Carroll computed so-called homology groups for various simplicial complexes, then he looked for patterns and eventually conjectured and proved certain results. In technical terms, he obtained an upper bound for the sizes of a complex’s homology groups in terms of a poset property called width.
“Thus, if a poset is ‘simple,’ as measured by its width, its complex will also be ‘simple,'” Carroll concludes.
Carroll’s study won third place in the 2001 Science Talent Search. He had had no previous experience in the field of algebraic topology but had cheerfully delved into the topic when it was suggested by graduate student Tilman Bauer of the Massachusetts Institute of Technology. Bauer was Carroll’s mentor at the Research Science Institute 2000, held at MIT.

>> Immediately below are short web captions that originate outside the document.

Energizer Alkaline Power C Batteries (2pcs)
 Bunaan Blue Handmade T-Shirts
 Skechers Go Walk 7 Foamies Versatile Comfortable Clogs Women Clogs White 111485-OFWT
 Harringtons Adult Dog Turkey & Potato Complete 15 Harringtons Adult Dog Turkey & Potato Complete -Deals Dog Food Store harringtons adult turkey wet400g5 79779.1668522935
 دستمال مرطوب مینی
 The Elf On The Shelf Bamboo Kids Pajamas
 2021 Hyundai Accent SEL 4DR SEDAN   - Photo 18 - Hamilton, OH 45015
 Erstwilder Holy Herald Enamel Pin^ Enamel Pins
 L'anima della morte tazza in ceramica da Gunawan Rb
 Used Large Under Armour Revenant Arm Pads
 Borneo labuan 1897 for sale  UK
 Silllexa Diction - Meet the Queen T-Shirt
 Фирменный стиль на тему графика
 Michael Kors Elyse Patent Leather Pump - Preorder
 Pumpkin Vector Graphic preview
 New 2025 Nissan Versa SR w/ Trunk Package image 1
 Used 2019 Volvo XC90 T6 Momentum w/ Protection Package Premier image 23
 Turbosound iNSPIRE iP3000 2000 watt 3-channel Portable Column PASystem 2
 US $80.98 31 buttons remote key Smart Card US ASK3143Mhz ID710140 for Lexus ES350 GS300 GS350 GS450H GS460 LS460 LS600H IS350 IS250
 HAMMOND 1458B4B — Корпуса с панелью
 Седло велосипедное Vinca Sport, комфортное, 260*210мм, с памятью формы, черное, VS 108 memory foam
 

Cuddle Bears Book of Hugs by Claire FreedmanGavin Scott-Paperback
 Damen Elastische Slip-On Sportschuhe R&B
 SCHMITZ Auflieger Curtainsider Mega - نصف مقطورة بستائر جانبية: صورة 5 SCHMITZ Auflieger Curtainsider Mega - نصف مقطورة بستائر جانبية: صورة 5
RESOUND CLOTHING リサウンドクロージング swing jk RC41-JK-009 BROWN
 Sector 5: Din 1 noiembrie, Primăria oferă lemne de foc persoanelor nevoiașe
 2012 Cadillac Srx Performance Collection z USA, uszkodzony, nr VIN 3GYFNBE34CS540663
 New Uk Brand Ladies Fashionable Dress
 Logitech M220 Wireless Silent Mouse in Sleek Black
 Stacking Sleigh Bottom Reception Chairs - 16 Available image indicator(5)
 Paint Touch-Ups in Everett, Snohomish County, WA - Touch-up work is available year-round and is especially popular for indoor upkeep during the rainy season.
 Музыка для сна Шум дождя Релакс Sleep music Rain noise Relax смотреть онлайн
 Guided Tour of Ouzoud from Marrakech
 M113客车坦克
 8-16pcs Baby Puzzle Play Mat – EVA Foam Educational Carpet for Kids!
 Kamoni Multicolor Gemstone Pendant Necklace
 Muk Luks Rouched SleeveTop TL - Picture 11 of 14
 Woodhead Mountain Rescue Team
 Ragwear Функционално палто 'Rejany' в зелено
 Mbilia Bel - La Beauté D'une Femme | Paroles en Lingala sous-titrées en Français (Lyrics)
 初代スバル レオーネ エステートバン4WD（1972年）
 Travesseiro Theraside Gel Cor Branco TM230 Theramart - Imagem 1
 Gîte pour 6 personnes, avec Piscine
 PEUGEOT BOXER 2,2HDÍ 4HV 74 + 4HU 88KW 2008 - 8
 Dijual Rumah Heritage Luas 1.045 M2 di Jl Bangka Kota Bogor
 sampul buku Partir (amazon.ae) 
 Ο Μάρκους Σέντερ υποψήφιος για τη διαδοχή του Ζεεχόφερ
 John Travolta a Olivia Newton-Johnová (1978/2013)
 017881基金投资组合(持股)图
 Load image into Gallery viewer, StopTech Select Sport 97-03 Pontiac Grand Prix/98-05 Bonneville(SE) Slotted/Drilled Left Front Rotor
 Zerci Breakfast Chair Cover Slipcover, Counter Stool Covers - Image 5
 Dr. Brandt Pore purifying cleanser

“I approach any problem with a wide array of tools,” Carroll notes. “There are general problem-solving strategies, such as examination of special cases, phrasing problems in alternate language, looking for extremal situations, or using induction. . . .I also have an arsenal of theorems that can accelerate my work, and, having solved thousands of problems over the last few years, I often recognize similarities with past problems that suggest how to attack the problem at hand.”
He adds, “Perhaps the most useful single mathematical tool is an open mind.”
Carroll has been a member of two U.S. Mathematical Olympiad teams. He enjoys playing the piano, debating, writing poetry, and programming computers.
“The value of much of mathematics. . .is cultural,” Carroll remarks. “It is a form of art; it provides exercise for the mind.”